Jenny and I took some friends around the Rotherhithe peninsula yesterday, cutting through Russia Dock Woodlands and finally climbing Stave Hill.
From the top of Stave Hill you can appreciate just how flat London geography really is. The Hill’s not very high—30 feet, according to Wikipedia (and the base is barely above sea level)—but you can easily see the lipstick tower at Elephant and Castle, the London Eye peeking around the glistening slops of Mount Doom (I think you mean the Shard—Ed), the Orbit at the Olympic Park, and even, on a clear day—again according to Wikipedia—Wembley Park ten miles away. The Isle of Dogs, that ever-expanding monument to Mammon, dominates the eastern skyline.
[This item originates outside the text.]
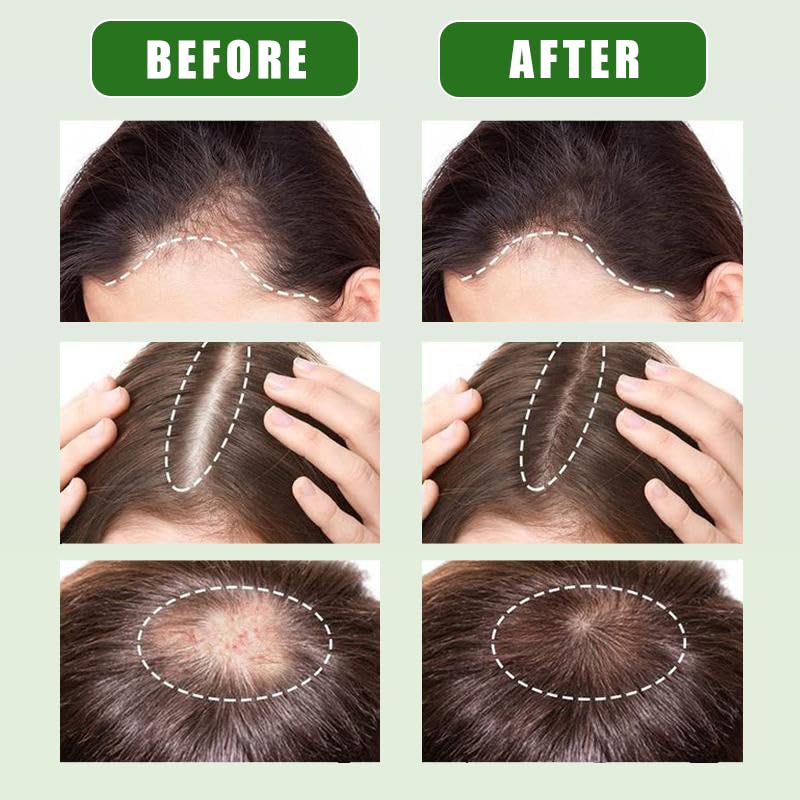 Unalakleet 100% Raw Batana Oil for Hair Growth – Botana Oil Hair Growth Treatment with Pumpkin Seed & Coffee | Vegan, Natural Hair Care for Thicker Hair | Pleasant Smell & Smooth Texture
But yesterday, for a brief moment, I caught a glimpse of what London might have been were the Square Mile a mediaeval hill fort, or built on the slopes of a cliff leading to warmer seas.
In the glass of 20 Fenchurch Street, better known as the Walkie Talkie, I could see the City reflected. And because of the sloping sides of the skyscraper, the illusion is that Fenchurch and Aldgate are climbing up towards the impenetrable heights of Wapping Fortress.
There might be a movie in there, somewhere.
I think the Shard is more like the Dark Tower, Barad-Dûr, than Mount Doom. Just Sayin’
As I recall, on our visit last summer we kept referrring to the Shard as Isengard.